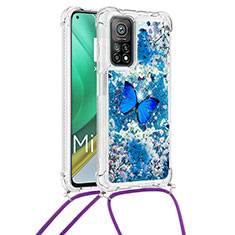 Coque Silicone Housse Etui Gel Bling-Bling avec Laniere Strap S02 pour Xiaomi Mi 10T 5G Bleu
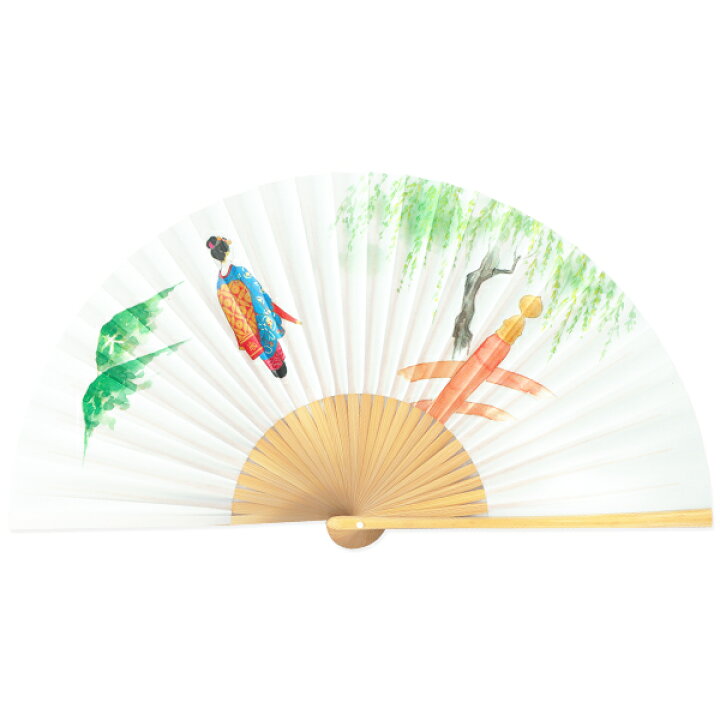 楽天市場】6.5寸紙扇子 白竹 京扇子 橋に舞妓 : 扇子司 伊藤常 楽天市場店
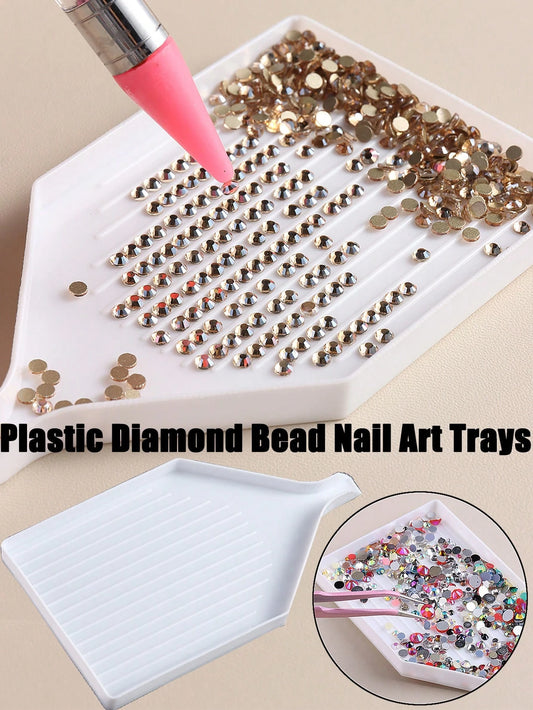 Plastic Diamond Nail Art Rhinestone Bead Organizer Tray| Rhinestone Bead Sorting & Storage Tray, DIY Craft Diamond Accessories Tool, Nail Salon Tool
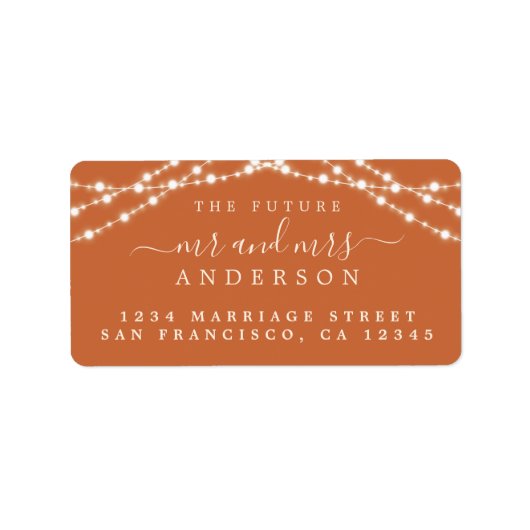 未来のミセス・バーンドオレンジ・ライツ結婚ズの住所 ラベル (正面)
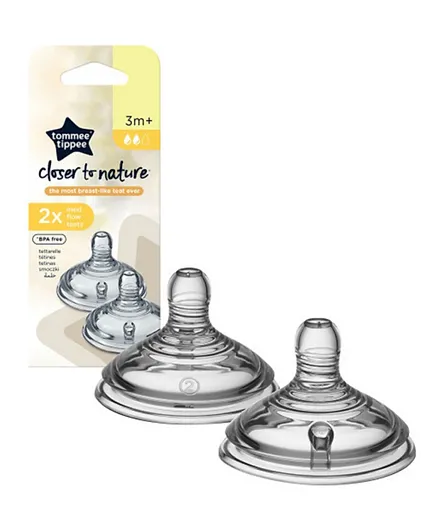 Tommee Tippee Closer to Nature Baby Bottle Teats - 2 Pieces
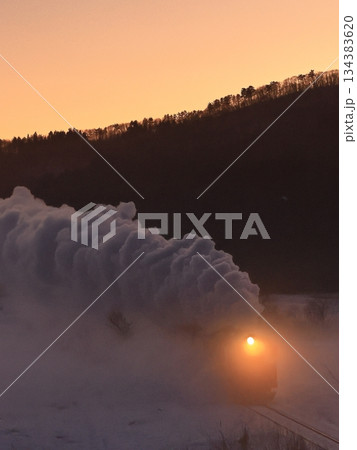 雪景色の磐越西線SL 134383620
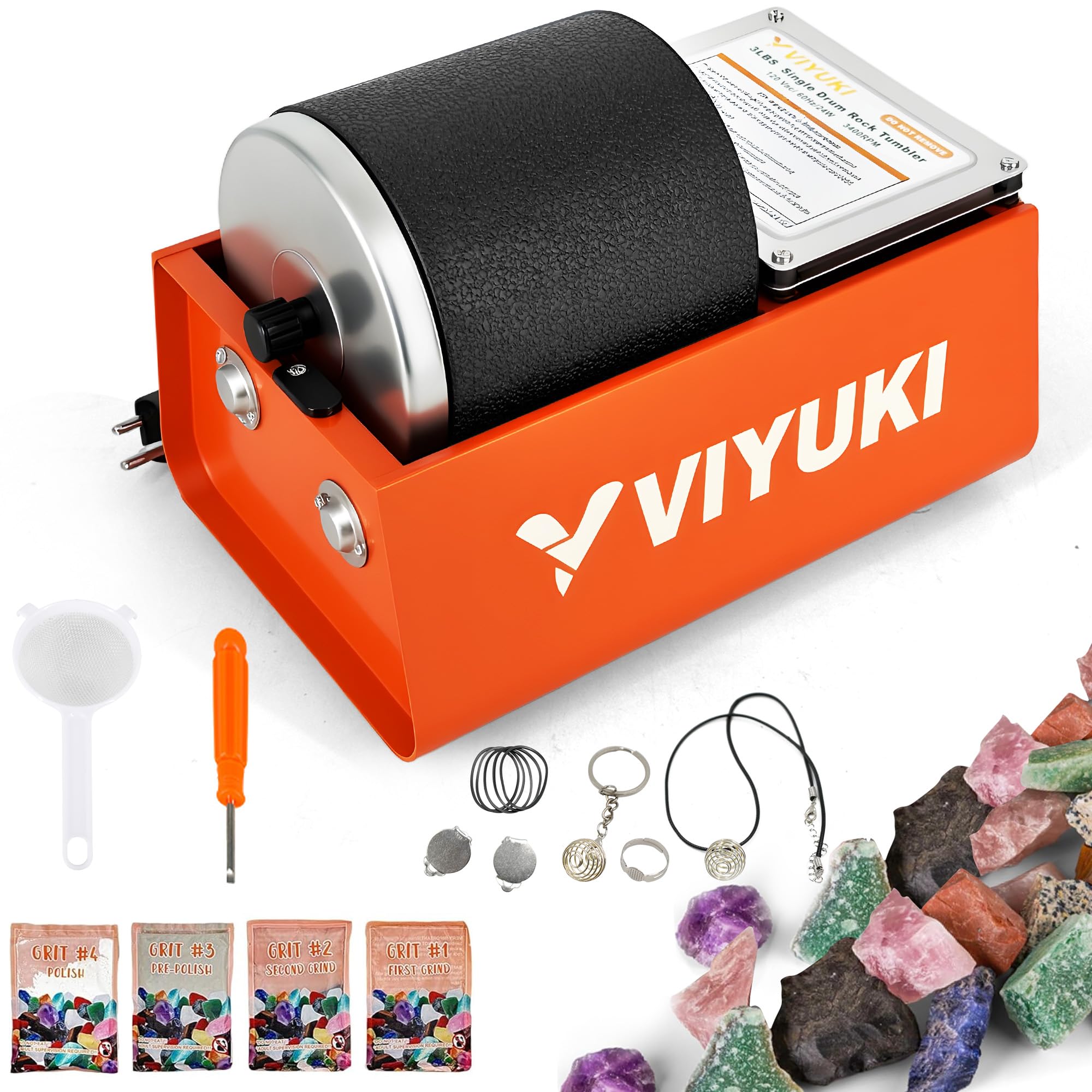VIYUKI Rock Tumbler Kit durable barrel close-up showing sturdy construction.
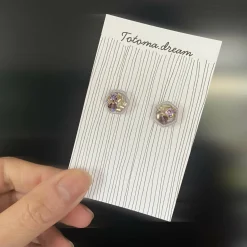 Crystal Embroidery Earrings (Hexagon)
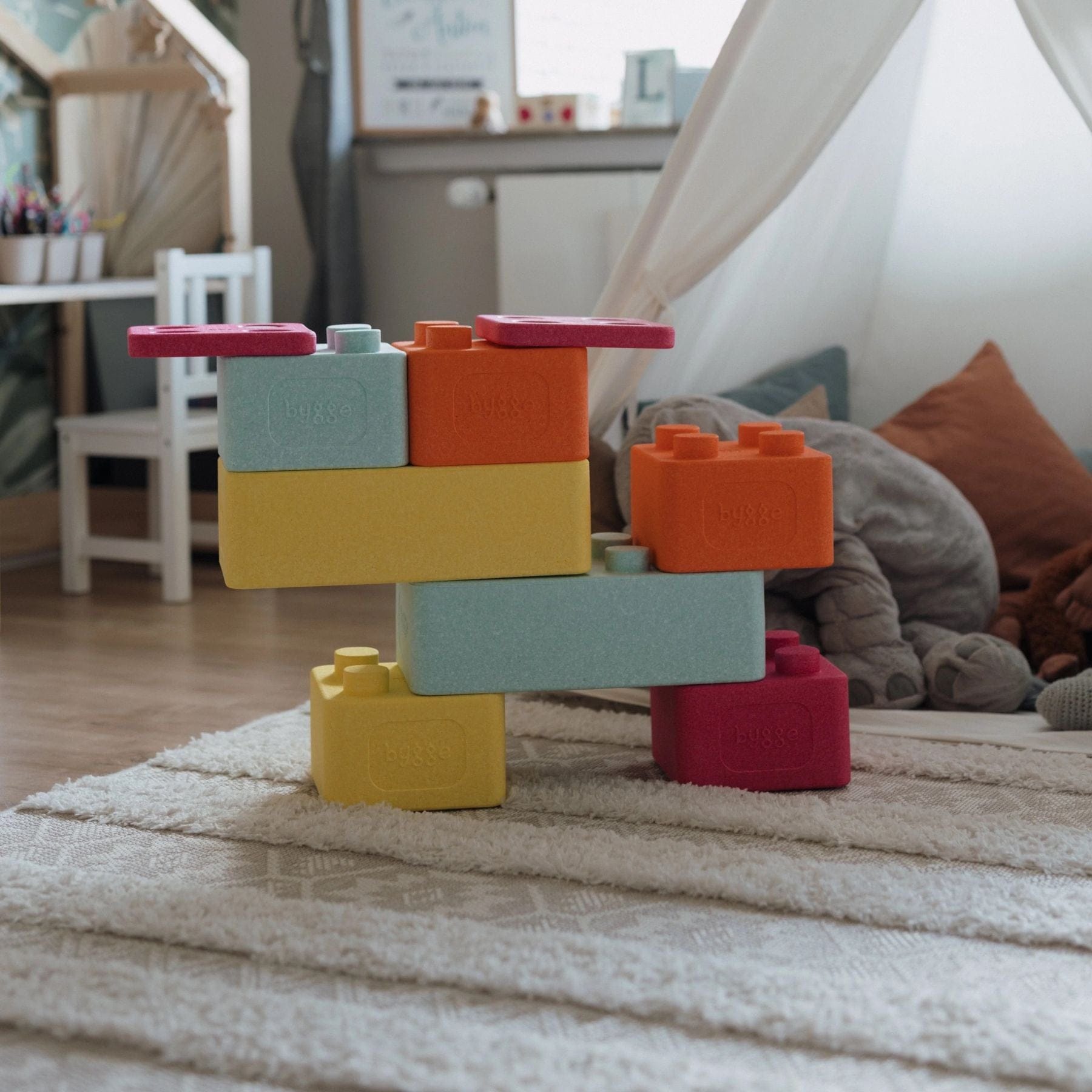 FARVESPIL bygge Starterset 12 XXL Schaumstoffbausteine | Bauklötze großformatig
* * *
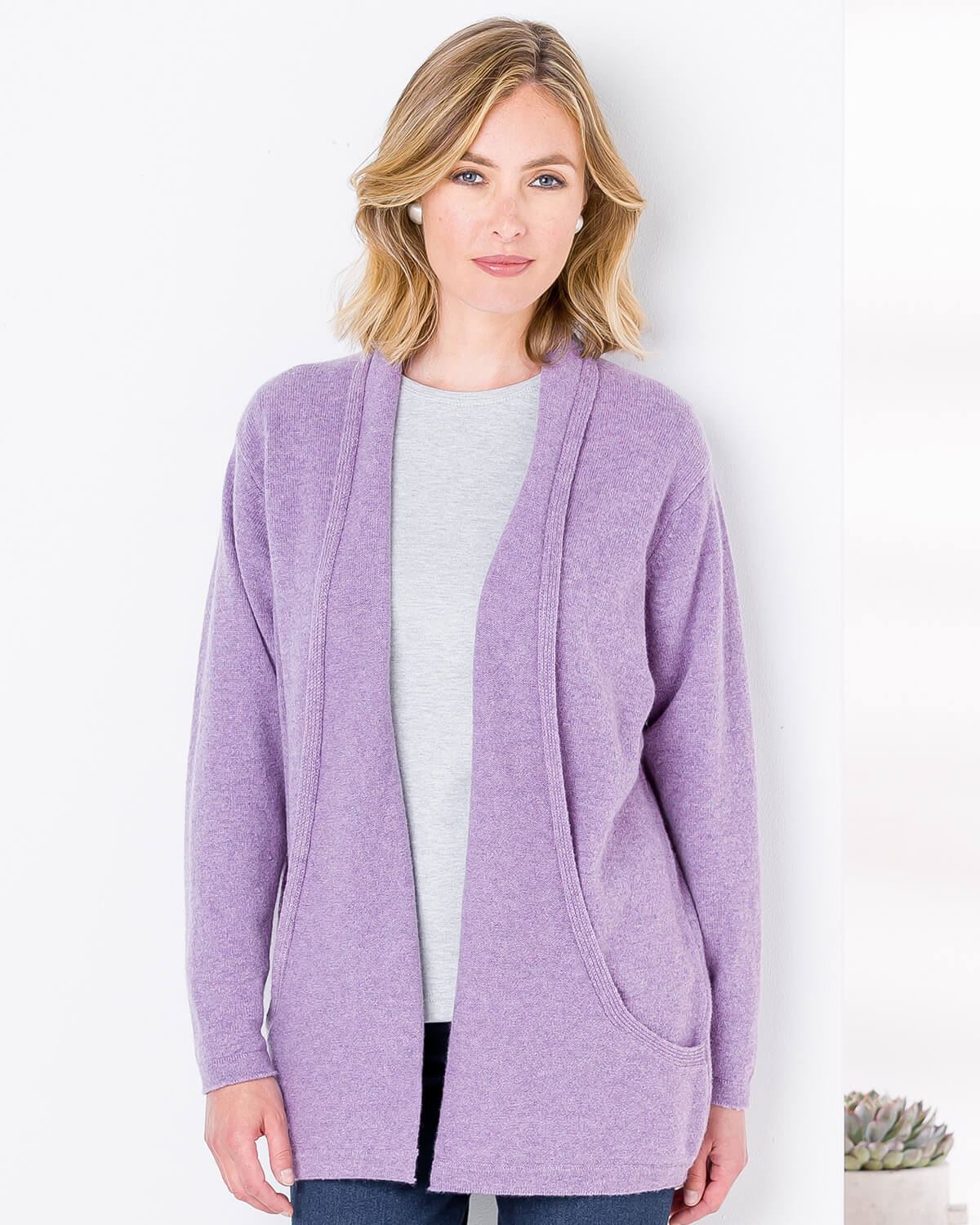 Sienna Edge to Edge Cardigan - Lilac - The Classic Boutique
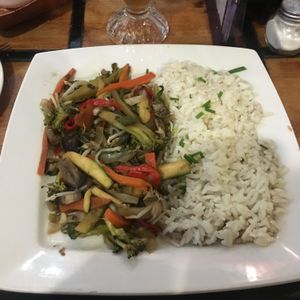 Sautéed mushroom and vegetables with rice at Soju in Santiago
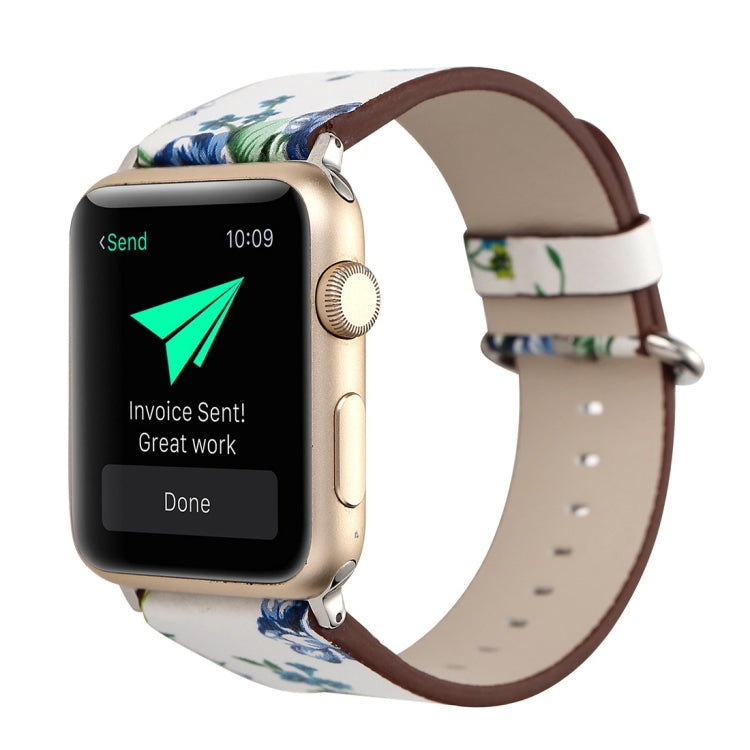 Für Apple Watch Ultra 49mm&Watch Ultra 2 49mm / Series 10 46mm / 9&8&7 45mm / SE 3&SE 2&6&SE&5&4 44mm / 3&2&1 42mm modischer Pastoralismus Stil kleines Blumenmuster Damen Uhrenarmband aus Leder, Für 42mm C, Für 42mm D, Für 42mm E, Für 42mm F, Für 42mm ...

## INSTRUCTIONS TO FOLLOW
For this exercise, please set down exactly the lines of the listing above from the line with "Tommee Tippee Closer" up to and including the line with "FARVESPIL bygge Starterset", and no pictures.

## OUTPUT FOR THIS TASK
 Tommee Tippee Closer to Nature Baby Bottle Teats - 2 Pieces
 雪景色の磐越西線SL 134383620
VIYUKI Rock Tumbler Kit durable barrel close-up showing sturdy construction.
 Crystal Embroidery Earrings (Hexagon)
 FARVESPIL bygge Starterset 12 XXL Schaumstoffbausteine | Bauklötze großformatig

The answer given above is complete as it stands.